Jimmy’s Hall (2014) is Ken Loach’s 50th odd and apparently last feature film. Which sucks because the man still definitely has a lot to say and can say it better than basically anyone else.
This is a film that made by so many other people would just be tired, period film blandness. But one of Loach’s great gifts as an artist (in my admittedly limited experience) is his ability to inject a lot of life into his stories. There were times watching this when I felt like applauding at the end of a scene because it was so rousing. The film is based on the true story of Jimmy Gralton an Irish communist in the 1930’s. Returning from time exiled abroad he once again starts up the titular hall, inspired by the effect that being away from a place can have on a person. Fashioned on socialist principles, the hall aims to provide education and amusement for all who wish to come. Importantly and provocatively, especially in relation to education, far from the reach and influence of the all powerful church. The film tells the uplifting story of what happened inside the walls and the rather more sober reaction that it receives from the more conservative nearby neighbours, who come in both fascist and Christian guises.
It is hard to pinpoint exactly why Loach can make this material work where others would fail. Which is not to say that what he is working with his bad. The slice of history, probably unknown to many outside of Ireland, is fascinating and the script by Paul Laverty is pretty insightful.

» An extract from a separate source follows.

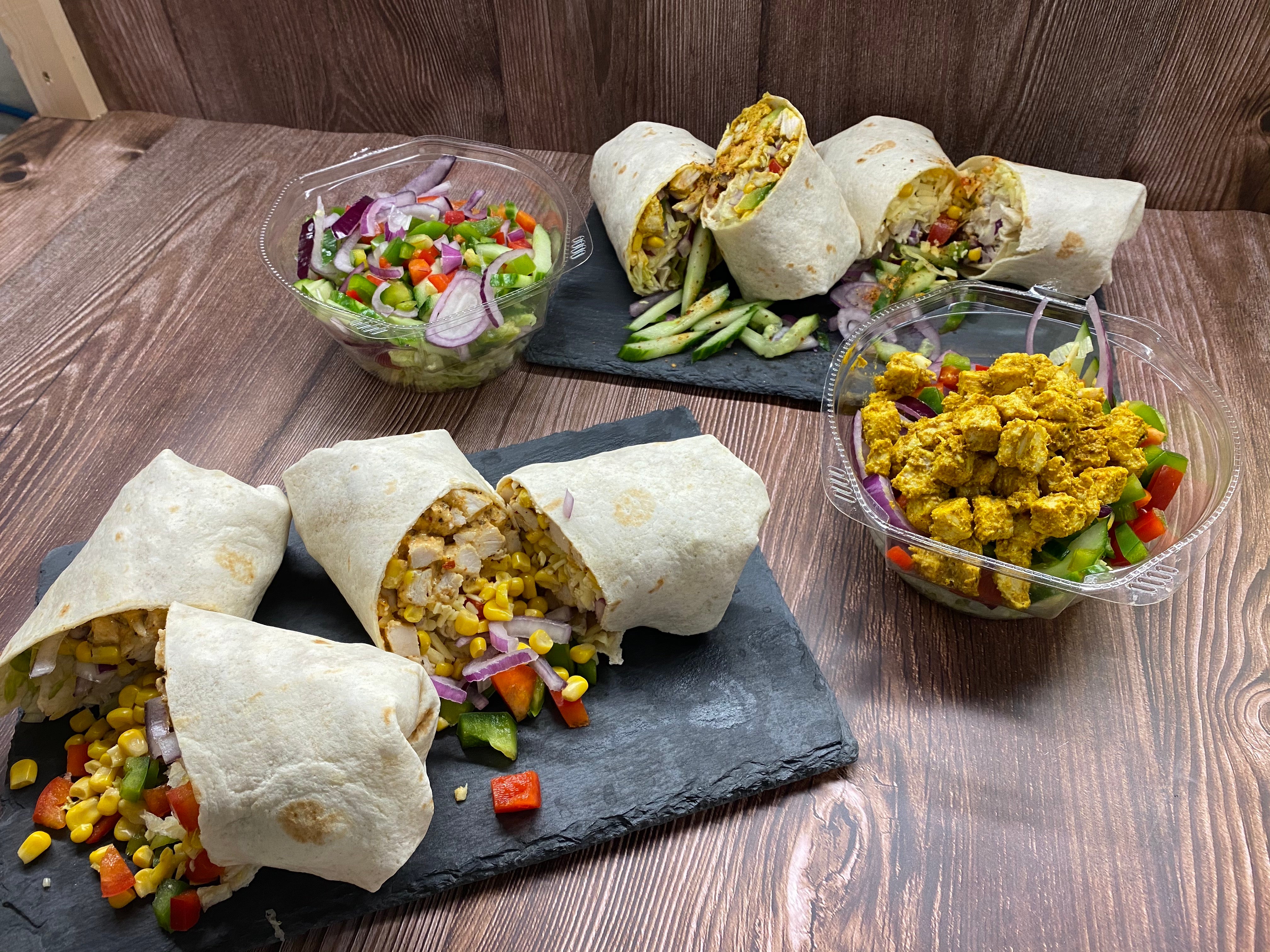 Sam's Wraps delivery from Reading Central Order with Deliveroo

Actually the script is a very smart piece of work as it connects day to day goings on in the film, a potential affair for example, with the societal structures that bring them about and influence how they play out. But there are many similar films about similar historical events and it is rare that they are this good or this engaging. Loach is also not really that much of a stylist. Jimmy’s Hall, like all of Loach’s work I have seen, looks good but nothing more noteworthy than that. It could be that Loach is unabashed to be political. He’s famously left wing, once withdrawing a film from MIFF because the festival was sponsored by the Israeli embassy and were refusing to cancel the sponsorship. So here he shows that the commies are the good guys, at least in this environment, and it is hard not to get swept up in cheering for them. This is especially true when they go against idiotic fascists and power hungry members of the clergy. On this front, and others, it would appear that Loach has the power to choose only those projects that he is going to be distinctly passionate about and Irish revolutionaries are right up the veteran director’s alley. Barry Ward’s turn as Jimmy does not hurt either, as he convinces you that he’s a dude that you would follow and buy into his personal ideology.
It is shocking that a film about Ireland in the 1930’s was made to feel relevant to 2014 Australia, but that is just one of Loach’s achievements with Jimmy’s Hall. Even if like me you have no idea who Jimmy Gralton was, you will still want to see this film and be inspired by the example that he set.